Além de conseguir fartura de
verduras para consumo familiar todo o inverno com a minha hortazinha, as
alfaias agrícolas que herdei do meu pai – enxadas, sachos, forquilhas, ancinhos,
rodos, pás e picaretas entre outros – levam-me sem qualquer esforço mental até
junto dele quase sempre. Tento imitar o seu modo de fazer, a perfeição do seu
trabalho, os toques e retoques para que cada rego ficasse perfeito, retilíneo
como feito à régua e esquadro, o modo de plantar, de cuidar, de amanhar
tudo, tratando as plantas com o mesmo cuidado e esmero com que sempre tratava
as pessoas e os animais, no ingénuo carinho e doce trato que tanto o
caracterizavam, fazendo com que toda a gente o estimasse e respeitasse também.
Não é a primeira vez que
escrevo isto, mas vou escrevê-lo de novo sem qualquer pudor. A sua presença na
minha saudade é tão forte que muitas vezes me parece sentir no quintal e perto de mim o seu odor,
do tabaco de onça e mortalha que sempre o acompanhavam e nunca lhe fizeram mal
já que até o vício de fumar dele era também diferente de todos os outros que eu
conhecia. Não aspirava o fumo para dentro dos pulmões. Limitava-se a queimar o
cigarro entre os lábios e a saboreá-lo apenas na boca. Assim viveu tranquilamente comigo
até aos 83 anos e foi um tumor na próstata que o venceu.
Suponho que três quartos do
meu ADN são dele – até a minha cara hoje é quase uma cópia fiel da sua – e só
um quarto é da minha mãe, apesar de também ter sido abençoado com o seu incondicional
e profundo amor desde que nasci, até que a perdi. Nunca na minha vida por isso me
senti pobre ou carente. O dinheiro sempre foi à conta, algumas vezes a esticar
mais que a conta, mas acabou sempre, mais sacrifício, menos esticadela, por
chegar. De afectos porém, de amor fraterno, de educação, de respeito e honradez,
na nossa casa e família fomos sempre milionários.

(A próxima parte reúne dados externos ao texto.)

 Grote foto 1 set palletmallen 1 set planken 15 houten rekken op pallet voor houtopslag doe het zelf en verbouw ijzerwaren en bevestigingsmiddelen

Tento, desde que comecei a
ser responsável, imitar os meus queridos progenitores e competentes mestres em
tudo o que me foi por eles ensinado. Dando como eles o exemplo. Creio
que consegui pois os meus filhos e a vida que fazem são indubitavelmente a minha maior felicidade e orgulho. Nem sequer me incomoda nada o facto de
nenhum deles ter aprendido o que o pai aprendeu com o avô. A cavar a terra, a semear e plantar nabiças ou couves. Cada geração tem a sua particularidade e
nenhuma é melhor ou pior que a anterior, assim como as vindouras não o serão em
relação à actual.
Mudam-se os tempos mudam-se
as vontades. Mas há uma coisa que nunca mudará venham os tempos que vierem. Quem
quiser colher terá que saber semear. Na horta ou na vida.